My mother leant her elbows on the kitchen table and watched Mr Reardon cook. She said, ‘I don’t think I’ve ever eaten coconut. It’s not something that Ross would cook.’ Only she enjoyed the joke. My father never cooked. Mr Reardon, on the other hand, looked like he did it all the time. His hands moved quickly, quick as blades, and as he worked he talked to my mother. He had lived in the islands. When my mother asked him ‘doing what?’ he wiped his hands on a tea towel, looked around for his bag and pulled out a sheaf of drawings. We thumbed through sketches of small boys tumbling over waterfalls. Sketches of the marketplace and Apia’s rickety main street. The lush gardens. Villages. Portraits of billiard players, planters, Samoans. He said he’d worked in an ice factory but mostly he sold his sketches to day tourists off the cruise ships. There was one sketch of a beautiful girl with long braids. My mother held up the drawing. ‘Hello. Who’s this?’ she asked, and Mr Reardon went back to his frying pan.
‘Maia,’ he said softly. ‘That is Maia.’
My mother looked across to me to see if I had caught that.
‘Maia is still in Apia?’ asked my mother.
‘No, Maia is in heaven waiting for me. Waiting for her Sonny.’ He told of working in Apia’s ice factory, and how Maia had never known what it was to shiver. One day, without telling anyone, she walked inside the freezer at the ice works; the door closed after her and, as no one knew she was in there, she froze.
‘Oh, that is so sad,’ said my mother.
‘Curiosity killed the cat,’ said Mr Reardon.
‘Yes, but I mean, to die like that.’
Mr Reardon glanced up to the ceiling. ‘She is waiting for her old mate to show up,’ he said. ‘Of course, it is silly to hope. After all these years how would Maia possibly recognise me?’ He looked over to my mother to see that he had her attention. Then he said, ‘That is why I stay in this coat.’
‘No.’
‘Yes,’ he said. ‘It is true. Of course. It is so she will recognise me.’
He kept a straight face until her own expression fell into line with his. Then he burst out laughing.

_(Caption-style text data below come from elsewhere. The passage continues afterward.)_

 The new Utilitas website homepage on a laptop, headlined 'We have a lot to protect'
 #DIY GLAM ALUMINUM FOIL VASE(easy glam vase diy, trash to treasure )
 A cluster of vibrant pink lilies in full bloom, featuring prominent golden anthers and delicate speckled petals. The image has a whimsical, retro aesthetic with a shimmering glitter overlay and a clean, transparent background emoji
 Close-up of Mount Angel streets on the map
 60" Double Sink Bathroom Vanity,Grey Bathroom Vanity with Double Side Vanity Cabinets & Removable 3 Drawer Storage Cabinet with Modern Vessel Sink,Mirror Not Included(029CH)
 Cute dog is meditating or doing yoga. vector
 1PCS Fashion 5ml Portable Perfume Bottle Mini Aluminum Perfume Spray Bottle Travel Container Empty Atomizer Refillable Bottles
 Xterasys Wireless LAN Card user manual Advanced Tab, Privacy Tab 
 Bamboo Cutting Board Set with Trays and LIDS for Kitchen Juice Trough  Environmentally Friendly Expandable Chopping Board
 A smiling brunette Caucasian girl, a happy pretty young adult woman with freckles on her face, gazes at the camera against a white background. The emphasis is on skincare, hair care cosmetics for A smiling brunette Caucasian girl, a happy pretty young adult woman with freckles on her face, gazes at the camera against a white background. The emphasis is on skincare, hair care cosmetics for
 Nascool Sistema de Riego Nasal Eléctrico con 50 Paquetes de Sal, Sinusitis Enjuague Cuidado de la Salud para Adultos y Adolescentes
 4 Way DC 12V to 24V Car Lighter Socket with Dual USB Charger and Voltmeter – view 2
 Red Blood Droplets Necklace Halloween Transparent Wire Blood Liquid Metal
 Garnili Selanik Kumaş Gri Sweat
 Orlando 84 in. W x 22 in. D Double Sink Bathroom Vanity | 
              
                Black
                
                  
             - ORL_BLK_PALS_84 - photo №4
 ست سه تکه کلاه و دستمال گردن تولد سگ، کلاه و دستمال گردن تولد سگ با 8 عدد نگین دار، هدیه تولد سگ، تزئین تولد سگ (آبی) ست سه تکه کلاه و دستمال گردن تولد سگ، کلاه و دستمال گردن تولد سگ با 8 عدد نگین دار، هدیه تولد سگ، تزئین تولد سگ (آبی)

‘You bugger,’ she said. ‘I am not going to believe another word you say.’
M
y father’s friend stayed with us for a week until he found a flat in town. We all missed him. My mother especially. She’d grown used to someone else cooking for us. The day he left we came home to a pile of sketches on the kitchen table. Some were drawings of my mother gardening and cooking. Others of me wrestling with Dad on the lawn. One of me on my bike pedalling for all I was worth. I looked so much like a boy that I was both pleased and embarrassed. Another of Dad with his foot up on a sawhorse smiling back at the picture-maker caught my mother’s interest. She looked at the drawing for a long while. I couldn’t quite see what she had found, but there was definitely something in that drawing that disturbed her. Dad’s hair, the way he looked up from under his bushy eyebrows, his carpenter’s arms falling out of rolled-up shirt cuffs. It was the something else that she studied, a kind of understanding, or closeness; something that approached a knowledge that excluded her. When she glanced up from the drawing she looked puzzled by the world as though in some fundamental way it had gone and changed while her attention was elsewhere.
Mr Reardon’s place was in Montreal Street, a big old house with white-painted fire escapes—split into three flats. Mr Reardon’s was on the ground floor facing the street. Without my mother’s knowledge Dad put down two months’ rent to get his friend settled. From a Colombo Street trader he bought pots and pans, cutlery, crockery, a bed, a bookcase and a lamp. He took some towels and bedding from home. I went out shopping with Dad and Mr Reardon, and outside a butcher’s shopwindow the different cuts of meat caused Mr Reardon to stroke his jaw and wince.
‘Meat’s useless to me. It’s too bloody tough …’
Over dinner my father told Mum he was going to give Mr Reardon some money to get his teeth fixed. As my mother was slow to answer, he said, ‘You’ve seen how bad they are.’
When my mother failed to answer, my father repeated what he’d just said.
‘I’m listening,’ she said.
‘You look like you’re eating to me,’ he said.